What would you do with a million-dollar windfall?

This question was the topic of a survey in a March 28, 2023, article by Jessica Whitehouse in onlinegambling.com, “This is how Americans would spend $1,000,000 in lottery winnings.” Before I read past the headline, I mentally answered, “Blow it!”

However, 80% of the 500 respondents said they would do one of three things with the money: buy a house (50%), invest it (17%), or pay off debts (13%). Maybe that was a sign that people are more practical and conservative than I was giving them credit for.

But I wasn’t convinced, so I dug a little deeper. I found an excellent article with research on lotteries, inheritances, and other windfalls by Jay Zagorsky, an economist and former professor at The Iowa State University. The article, “Winner of 1.5 billion Powerball faces long odds – but even longer odds of keeping it,” was posted on his blog on January 12, 2016. He summarizes research that “suggests many people quickly spend any unexpected windfalls,” and says, “Other studies found that instead of getting people out of financial trouble, winning the lottery got people into more trouble, since bankruptcy rates soared for lottery winners three to five years after winning.”
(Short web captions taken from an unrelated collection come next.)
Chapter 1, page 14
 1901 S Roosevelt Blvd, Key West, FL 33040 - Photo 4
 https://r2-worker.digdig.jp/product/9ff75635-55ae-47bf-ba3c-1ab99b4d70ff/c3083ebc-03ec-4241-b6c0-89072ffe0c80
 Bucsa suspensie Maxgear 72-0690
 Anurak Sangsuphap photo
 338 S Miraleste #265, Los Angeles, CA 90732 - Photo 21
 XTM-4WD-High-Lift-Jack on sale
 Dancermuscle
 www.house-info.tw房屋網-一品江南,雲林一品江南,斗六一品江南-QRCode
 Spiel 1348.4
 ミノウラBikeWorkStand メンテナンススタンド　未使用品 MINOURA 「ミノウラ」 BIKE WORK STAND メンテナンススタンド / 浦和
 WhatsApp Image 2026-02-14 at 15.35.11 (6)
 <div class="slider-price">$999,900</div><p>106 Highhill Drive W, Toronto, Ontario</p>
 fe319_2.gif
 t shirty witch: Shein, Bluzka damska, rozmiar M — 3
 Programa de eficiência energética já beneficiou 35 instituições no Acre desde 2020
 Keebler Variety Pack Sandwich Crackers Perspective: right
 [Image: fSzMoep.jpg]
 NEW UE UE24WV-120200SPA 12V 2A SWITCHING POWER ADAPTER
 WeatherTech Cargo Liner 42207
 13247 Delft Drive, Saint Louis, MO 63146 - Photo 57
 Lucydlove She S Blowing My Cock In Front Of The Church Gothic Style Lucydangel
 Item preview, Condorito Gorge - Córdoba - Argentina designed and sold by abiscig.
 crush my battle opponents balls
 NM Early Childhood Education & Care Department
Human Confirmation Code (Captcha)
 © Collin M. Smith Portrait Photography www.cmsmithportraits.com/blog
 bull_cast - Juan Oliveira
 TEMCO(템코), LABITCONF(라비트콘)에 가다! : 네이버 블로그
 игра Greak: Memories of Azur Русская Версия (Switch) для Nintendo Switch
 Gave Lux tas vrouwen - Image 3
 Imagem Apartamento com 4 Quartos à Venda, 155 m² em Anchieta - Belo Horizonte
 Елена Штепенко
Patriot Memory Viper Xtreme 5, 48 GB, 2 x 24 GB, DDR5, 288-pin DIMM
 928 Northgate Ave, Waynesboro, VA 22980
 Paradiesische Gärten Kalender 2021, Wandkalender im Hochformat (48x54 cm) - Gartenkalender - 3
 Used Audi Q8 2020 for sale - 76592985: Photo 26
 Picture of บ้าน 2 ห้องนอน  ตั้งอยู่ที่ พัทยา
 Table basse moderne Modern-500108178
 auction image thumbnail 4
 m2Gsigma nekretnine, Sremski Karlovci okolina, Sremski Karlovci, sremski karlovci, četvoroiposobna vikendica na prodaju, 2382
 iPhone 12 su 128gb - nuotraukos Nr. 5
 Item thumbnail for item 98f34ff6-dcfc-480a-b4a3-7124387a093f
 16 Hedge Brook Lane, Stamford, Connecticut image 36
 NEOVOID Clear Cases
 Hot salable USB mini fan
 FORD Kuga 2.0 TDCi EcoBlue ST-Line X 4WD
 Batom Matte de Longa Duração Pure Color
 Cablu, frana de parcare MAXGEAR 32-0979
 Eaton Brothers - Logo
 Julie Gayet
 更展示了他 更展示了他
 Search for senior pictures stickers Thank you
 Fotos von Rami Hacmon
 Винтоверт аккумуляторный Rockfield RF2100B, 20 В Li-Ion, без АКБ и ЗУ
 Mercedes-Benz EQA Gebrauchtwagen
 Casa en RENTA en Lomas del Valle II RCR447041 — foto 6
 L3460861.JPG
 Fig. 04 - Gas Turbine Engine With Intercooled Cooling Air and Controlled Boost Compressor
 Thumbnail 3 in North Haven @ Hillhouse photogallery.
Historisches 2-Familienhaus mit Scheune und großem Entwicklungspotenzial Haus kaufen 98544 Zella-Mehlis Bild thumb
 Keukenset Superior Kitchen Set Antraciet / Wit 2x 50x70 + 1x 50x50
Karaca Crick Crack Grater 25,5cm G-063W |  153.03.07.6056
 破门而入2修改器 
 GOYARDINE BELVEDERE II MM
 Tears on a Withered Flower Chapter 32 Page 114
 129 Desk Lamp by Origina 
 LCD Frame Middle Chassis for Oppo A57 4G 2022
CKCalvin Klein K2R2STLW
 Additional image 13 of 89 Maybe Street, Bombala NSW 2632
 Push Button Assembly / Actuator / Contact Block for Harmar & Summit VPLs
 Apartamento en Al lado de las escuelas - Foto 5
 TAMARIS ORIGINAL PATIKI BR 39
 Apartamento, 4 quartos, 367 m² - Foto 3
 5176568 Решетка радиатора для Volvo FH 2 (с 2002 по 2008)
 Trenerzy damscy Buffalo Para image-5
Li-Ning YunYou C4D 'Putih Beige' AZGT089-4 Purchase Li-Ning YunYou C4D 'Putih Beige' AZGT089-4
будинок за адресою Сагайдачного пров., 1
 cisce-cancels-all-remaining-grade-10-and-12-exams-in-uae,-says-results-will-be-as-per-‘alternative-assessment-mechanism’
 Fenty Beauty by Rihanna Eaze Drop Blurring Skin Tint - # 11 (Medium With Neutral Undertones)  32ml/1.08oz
Dr. Zagorsky cites a 2001 paper by economists Guido Imbens and Bruce Sacerdote and statistician Donald Rubin which found that lottery winners saved only 16 cents of every dollar won. He points out that, “Overall, research shows lottery winners and people getting windfalls spend or blow through much of the money.”

His findings are certainly more in line with what I have experienced than are the findings of the Online Gambling survey.

Admittedly, 20% of the survey respondents had less financially conservative intentions for their winnings. They would use the money to travel the world, start a business, give (to charities, families, and friends), purchase a luxury vehicle, get a cosmetic procedure, buy a private island, or go into space. All of those are spending activities, except starting a business, which typically doesn’t end well for the majority of those who do.

It’s easy to see how a windfall would be quickly eroded for this 20%, but what about the 80% that intend to do financially wise things with the money?

One possible factor, which Zagorsky describes quite clearly and understandably, is the impact that taxes have on lottery winnings. A million-dollar jackpot in the headlines will amount to a significantly smaller actual check in hand after taxes are withheld.

However, perhaps the biggest reason for the disconnect between the Online Gambling survey and Zagorsky’s research can be boiled down to the difference between people’s perception and reality. There is often a substantial gap between our intentions—”what I should do,” and our behavior—”what I will do.”

Here is where perception especially departs from reality. I could fill a book with stories of people that I’ve known who lost substantial sums, sometimes everything they had, in real estate and the stock market. Included in that book would be people who paid down/off debt, only to borrow it all back. Just because we think we will take a seemingly positive financial course of action does not mean we have the knowledge, discipline, clarity, and courage to pull it off.

Both academic research and the stories of lottery winners suggest that people quickly spend inheritances and windfalls, regardless of their best intentions. This is why Susan Bradley, author of Sudden Money, suggests getting professional help to process the life transition before making any financial decisions. It’s an important first step toward aligning your perceptions with the reality of your changed financial status.